2.2 Tumor cell subculture and expansion
Take the tumor cells frozen in liquid nitrogen and resuscitate and expand them to ensure the vitality and good growth state of the tumor cells.
2.3 Calculate the cell inoculation amount
According to experience, generally 2 to 1 million mouse tumor cells are inoculated per mouse, while human tumor cells require 2 to 10 million per mouse. For details, please refer to relevant literature. Calculate and determine the number of cells in advance according to the total number of mice required for the experiment.
2.4 Prepare mice
Generally, 5-6W mice are selected. Animals less than 4W may be intolerant and die prematurely. Animals over 6W will have enhanced immunity and are less likely to form tumors. Only animals of the same sex are used in each batch of experiments. Usually, both males and females can be used, but they should be selected according to the tumor type and tumor cell line being studied (females should be selected for breast cancer, and males should be selected for prostate cancer, etc.)
2.5 Establishment of subcutaneous tumor-bearing model
Tumor cells in the exponential growth phase of in vitro culture are collected, routine cell counts are performed under a microscope, cell density is adjusted, and inoculated subcutaneously in healthy animals under sterile conditions. The inoculation site is generally selected from the site with rich blood vessels and easy operation, such as the armpit, groin, flank and neck back.
2.6 Experimental grouping and drug administration
Generally, 7-10 days after inoculation, when the tumor grows to about 1 cm, grouping and drug administration can be carried out according to the purpose of the experiment. Generally, subcutaneous tumors are mainly used for the detection of anti-tumor drugs, so the groups are often the control group, positive drug group, low, medium and high dose drug group.

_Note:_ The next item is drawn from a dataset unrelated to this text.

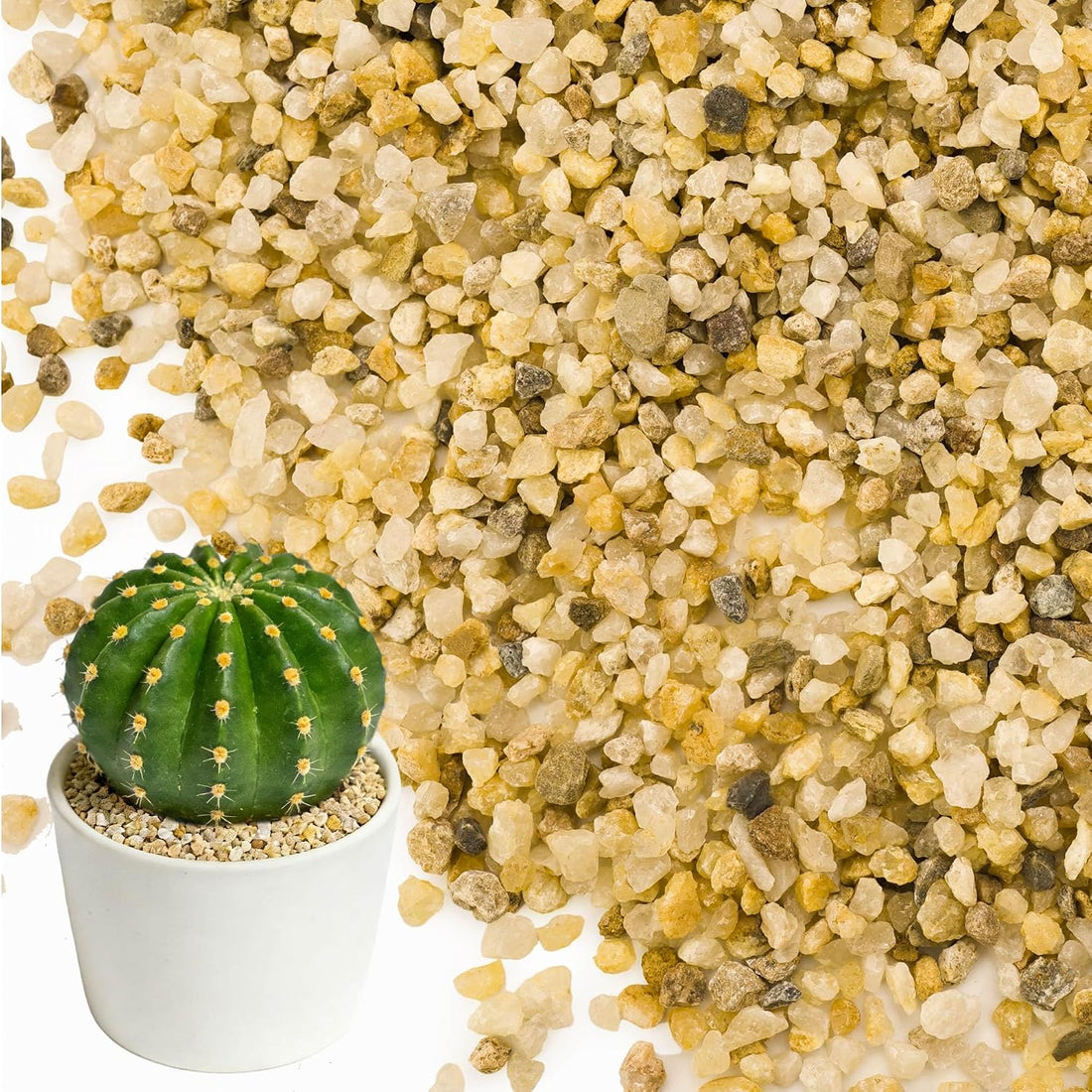 8LB 1-2mm Horticultural Sand for Succulents and Cactus Soil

2.7 Observation of changes in mouse weight and tumor volume
Return the mice to the original breeding cage and continue to feed them. Regularly observe the status of the mice and the growth of the tumor, measure the tumor size with a vernier caliper 1-2 times/week, and record the change curve of the tumor volume and mouse weight.
3. Example of results
Colon cancer cells (HCT116) were infected with lentivirus shSeptin4 and then inoculated into the axilla of nude mice. The tumor volume was measured every 3 days. After 4 weeks, the tumor was dissected, separated, and weighed for analysis.
4. References
[1] Berne, S. , Majaemaar, Frange, R. , et al. (2019). APS8 Delays Tumor Growth in Mice by Inducing Apoptosis of Lung Adenocarcinoma Cells Expressing High Number of α7 Nicotinic Receptors. Marine Drugs, 16(10), 367.
[2] Hai-Bo, Q. , Li-Yi, Z. , Chao, R. , Zhao-Lei, Z. , Wen-Jing, W. , & Hui-Yan, L. , et al. (2013). Targeting cdh17 suppresses tumor progression in gastric cancer by downregulating wnt/β-catenin signaling. Plos One, 8(3), e56959.
[3] X Zhao, Feng, H. , Wang, Y. , Wu, Y. , & Cao, L. . (2020). Septin4 promotes cell death in human colon cancer cells by interacting with bax. International journal of biological sciences, 16(11), 1917-1928.